Already two people have died in house fires in Dayton, and Red Cross workers have assisted 19 families displaced by fires in Montgomery, Preble and Green counties since Jan. 1. In Butler County, officials say Red Cross workers have helped 10 families who have been burned out of their homes.

This time of year is considered “fire season” because of the number of fire calls the Red Cross and local fire departments respond to. As temperatures drop, people look for all sorts of different ways to heat their homes. And with below zero wind chills predicted for the next two days and a wind chill advisory issued by the National Weather Service, local fire officials and the Red Cross say they want to remind people about the dangers alternative heating sources such as space heaters can present and provide tips on how to protect their homes and families while trying to stay warm.

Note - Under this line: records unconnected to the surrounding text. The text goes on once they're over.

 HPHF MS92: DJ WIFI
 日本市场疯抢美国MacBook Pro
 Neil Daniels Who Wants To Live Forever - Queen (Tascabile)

“Every winter from October until the end of March, we see double the fires that we do for the rest of the year due to alternative heating sources,” said Maria Carroll, disaster program specialist with the Dayton Red Cross.

As part of the Red Cross’ Home Fire Preparedness Campaign, agency workers and Xenia Fire Department are partnering to go door to door in Xenia in April to get the word out about home fire fatalities and casualties, installing smoke detectors, replacing smoke detector batteries, and offering education on other seasonal hazards, Carroll said. The campaign has already produced positive results in Trotwood, where officials canvassed this past fall, she said.

Carroll was among the case workers who responded to a fatal fire in the 100 block of North Kilmer Street in Dayton on Jan. 22, where firefighters found the remains of a four-month-old boy inside the burned home. Education is the key to avoiding tragedy, she said.

“It was really hard to go out to those scenes knowing that we were going to approach a family that has just lost a loved one,” she said.

Middletown firefighters report they’ve responded to 10 fires so far this year, two families have been displaced. While in Hamilton fire officials say they’ve extinguished seven structure fires in 2015, Fire Chief Steve Dawson says four people were displaced.

Middletown firefighters report they’ve responded to 10 fires so far this year with two families having been displaced. And in Hamilton, fire officials report seven structure fires in 2015 with four families displaced.

Fire Marshal Bob Hess, of the Middletown Division of Fire, said his department sees a 10 to 20 percent increase in calls for structure fires during the winter. Hess said he’s seen people take some ill-advised risks in order to drive away the cold.

“We’ve been at many residences where people are using their stoves or ovens,” he said. “The (oven) door is open, set at 500 degrees and heating their home.”

Hess said this is particularly dangerous because stoves and ovens can emit sparks because of food left in them and that could start a fire. He said firefighters also see a number of fires cause by electric space heaters and kerosene heaters.

“People store combustibles too close to them,” Hess said, adding that people should keep blankets, clothes and other flammable materials at least three to six feet away from space heaters. “They can be used provided they’re plugged directly into the outlet.”

Candles and open propane heaters also should not be used to stay warm, Hess said. Safety officials also urge people to make sure they have working smoke detectors, and carbon monoxide detectors.

“Also have your furnace checked by a licensed contractor,” said Hess.